1 Introduction
A bandit algorithm sequentially chooses actions and then observes rewards, whose distribution depends on the action chosen. The algorithm does not know the distribution of the rewards and sees only a reward from the chosen action at any given time. A key part of the interaction is that the algorithm can choose the next action based on all the previous actions and rewards. The goal of the algorithm is typically to maximize the cumulative reward over time. The researcher studying bandit algorithms is interested in the performance of the algorithm, which is measured by the “regret” \(R_T\) after choosing \(T\) actions, that is the difference between the cumulative reward of always playing the best action and the cumulative reward of the algorithm. A theoretical guarantee will be of the form \(\mathbb {E}[R_T] \le f(T)\) for some function \(f\). Here the expectation is taken over the randomness of the algorithm and the rewards. In parallel to the theoretical study, the researcher may also be interested in the practical performance of the algorithm, which is usually measured by the average regret over several runs of the algorithm with rewards sampled from standard probability distributions.

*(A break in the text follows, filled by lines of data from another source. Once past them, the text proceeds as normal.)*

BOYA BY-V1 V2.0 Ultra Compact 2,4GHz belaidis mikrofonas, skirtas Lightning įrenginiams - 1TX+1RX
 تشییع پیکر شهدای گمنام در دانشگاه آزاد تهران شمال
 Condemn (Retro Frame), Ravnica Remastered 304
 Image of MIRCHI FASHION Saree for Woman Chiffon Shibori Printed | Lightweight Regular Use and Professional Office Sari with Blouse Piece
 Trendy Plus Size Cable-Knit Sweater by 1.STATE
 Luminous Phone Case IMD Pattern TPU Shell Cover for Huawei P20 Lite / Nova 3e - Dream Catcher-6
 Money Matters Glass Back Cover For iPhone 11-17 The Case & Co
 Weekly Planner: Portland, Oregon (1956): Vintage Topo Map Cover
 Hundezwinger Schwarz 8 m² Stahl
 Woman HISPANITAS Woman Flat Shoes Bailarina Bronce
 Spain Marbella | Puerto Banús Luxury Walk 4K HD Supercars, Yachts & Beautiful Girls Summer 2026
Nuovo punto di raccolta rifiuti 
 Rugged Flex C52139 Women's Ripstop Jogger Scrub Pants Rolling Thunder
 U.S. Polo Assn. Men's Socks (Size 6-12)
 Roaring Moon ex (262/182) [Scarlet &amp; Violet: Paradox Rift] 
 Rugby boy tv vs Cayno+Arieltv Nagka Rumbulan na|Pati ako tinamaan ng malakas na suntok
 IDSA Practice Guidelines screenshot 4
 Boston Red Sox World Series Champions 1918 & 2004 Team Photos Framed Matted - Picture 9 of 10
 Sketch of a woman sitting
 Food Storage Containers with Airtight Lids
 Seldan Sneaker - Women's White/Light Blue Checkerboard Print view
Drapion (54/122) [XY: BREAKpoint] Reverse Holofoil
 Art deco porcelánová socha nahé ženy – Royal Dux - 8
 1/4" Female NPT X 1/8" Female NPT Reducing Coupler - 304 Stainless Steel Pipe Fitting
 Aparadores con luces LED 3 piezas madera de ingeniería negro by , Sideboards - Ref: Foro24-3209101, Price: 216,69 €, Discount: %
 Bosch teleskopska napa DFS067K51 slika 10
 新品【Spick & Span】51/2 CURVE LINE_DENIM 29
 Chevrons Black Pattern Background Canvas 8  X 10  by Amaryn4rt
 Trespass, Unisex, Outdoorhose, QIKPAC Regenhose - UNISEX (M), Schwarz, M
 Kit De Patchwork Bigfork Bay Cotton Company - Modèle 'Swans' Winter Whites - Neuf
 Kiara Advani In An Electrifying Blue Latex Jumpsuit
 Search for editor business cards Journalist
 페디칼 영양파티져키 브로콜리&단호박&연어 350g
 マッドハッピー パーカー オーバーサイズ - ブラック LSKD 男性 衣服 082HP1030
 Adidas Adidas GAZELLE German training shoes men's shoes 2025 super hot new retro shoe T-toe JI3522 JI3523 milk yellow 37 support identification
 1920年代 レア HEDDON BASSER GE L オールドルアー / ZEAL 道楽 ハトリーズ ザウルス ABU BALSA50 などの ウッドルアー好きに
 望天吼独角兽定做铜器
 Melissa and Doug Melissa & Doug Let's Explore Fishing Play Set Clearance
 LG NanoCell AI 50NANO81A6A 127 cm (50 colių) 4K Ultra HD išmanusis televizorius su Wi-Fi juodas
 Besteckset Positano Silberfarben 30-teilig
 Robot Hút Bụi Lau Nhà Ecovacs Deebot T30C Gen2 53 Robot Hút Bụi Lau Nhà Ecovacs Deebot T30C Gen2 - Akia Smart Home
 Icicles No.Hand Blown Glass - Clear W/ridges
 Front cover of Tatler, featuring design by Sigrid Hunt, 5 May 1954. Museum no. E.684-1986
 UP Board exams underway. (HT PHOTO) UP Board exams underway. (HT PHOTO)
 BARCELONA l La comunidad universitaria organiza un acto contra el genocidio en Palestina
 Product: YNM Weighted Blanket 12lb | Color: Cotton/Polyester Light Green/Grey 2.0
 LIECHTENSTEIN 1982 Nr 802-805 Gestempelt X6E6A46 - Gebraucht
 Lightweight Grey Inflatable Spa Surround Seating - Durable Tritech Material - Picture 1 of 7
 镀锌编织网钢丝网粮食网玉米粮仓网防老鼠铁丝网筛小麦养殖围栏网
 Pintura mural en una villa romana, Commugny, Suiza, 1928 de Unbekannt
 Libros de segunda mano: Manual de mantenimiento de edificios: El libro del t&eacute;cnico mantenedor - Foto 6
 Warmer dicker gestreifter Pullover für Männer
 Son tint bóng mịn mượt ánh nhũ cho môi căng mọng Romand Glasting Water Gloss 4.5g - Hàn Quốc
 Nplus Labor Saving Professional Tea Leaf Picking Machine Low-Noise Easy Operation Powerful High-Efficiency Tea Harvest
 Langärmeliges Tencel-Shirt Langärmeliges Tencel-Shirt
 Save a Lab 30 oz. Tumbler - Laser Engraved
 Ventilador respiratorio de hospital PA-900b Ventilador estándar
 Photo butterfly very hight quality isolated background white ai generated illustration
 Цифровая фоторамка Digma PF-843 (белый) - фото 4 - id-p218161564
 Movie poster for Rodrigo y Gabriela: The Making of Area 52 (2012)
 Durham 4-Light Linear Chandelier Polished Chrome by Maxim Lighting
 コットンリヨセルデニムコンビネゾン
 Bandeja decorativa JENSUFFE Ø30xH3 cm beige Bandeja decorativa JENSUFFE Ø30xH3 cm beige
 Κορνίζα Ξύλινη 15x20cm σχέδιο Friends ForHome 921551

From that description, we highlight three key components of research work on bandit algorithms:
A bandit algorithm is both a subject of theoretical study and a practical tool, that we should be able to implement and run,
the bandit model defines a probability space, on which we want to take expectations, and the theoretical study deals with random variables on that space using tools like concentration inequalities,
for the experimental part, we need to be able to sample rewards from a range of probability distributions.